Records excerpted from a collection
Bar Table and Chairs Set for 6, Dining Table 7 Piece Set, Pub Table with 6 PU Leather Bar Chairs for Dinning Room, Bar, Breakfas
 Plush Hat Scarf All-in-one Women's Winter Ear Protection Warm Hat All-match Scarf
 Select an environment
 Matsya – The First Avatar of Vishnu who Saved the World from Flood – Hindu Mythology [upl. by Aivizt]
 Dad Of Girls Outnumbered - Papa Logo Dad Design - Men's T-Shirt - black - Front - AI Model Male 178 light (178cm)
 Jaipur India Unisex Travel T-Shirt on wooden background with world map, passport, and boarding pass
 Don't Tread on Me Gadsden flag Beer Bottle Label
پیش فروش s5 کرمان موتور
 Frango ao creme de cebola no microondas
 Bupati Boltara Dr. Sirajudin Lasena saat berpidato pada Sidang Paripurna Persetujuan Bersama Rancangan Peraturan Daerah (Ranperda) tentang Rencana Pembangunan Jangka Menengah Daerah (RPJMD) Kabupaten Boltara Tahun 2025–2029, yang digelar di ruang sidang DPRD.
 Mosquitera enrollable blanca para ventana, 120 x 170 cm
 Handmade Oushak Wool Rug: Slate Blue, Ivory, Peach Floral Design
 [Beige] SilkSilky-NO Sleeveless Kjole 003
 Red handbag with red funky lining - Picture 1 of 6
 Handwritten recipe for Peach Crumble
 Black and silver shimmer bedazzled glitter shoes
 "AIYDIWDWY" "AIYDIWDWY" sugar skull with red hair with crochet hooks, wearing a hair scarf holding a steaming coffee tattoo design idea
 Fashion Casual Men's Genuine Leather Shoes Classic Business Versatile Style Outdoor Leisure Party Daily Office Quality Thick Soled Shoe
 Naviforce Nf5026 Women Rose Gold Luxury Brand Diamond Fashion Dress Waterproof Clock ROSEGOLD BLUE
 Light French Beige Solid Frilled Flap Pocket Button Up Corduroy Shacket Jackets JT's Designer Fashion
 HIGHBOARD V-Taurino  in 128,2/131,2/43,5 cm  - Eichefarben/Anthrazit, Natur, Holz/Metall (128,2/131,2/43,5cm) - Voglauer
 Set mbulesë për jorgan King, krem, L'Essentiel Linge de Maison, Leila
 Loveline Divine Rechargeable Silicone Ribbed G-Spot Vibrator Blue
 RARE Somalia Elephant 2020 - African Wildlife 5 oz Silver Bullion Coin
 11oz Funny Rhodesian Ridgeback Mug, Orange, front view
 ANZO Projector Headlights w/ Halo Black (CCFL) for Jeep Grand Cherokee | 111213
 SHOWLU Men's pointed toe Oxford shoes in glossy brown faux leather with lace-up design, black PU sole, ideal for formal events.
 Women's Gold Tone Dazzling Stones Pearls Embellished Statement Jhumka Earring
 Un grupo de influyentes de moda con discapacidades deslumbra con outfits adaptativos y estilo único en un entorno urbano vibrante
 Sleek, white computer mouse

*Assignment*: Find how many lines above include "Gold", then write only that count.

*Written solution*: 2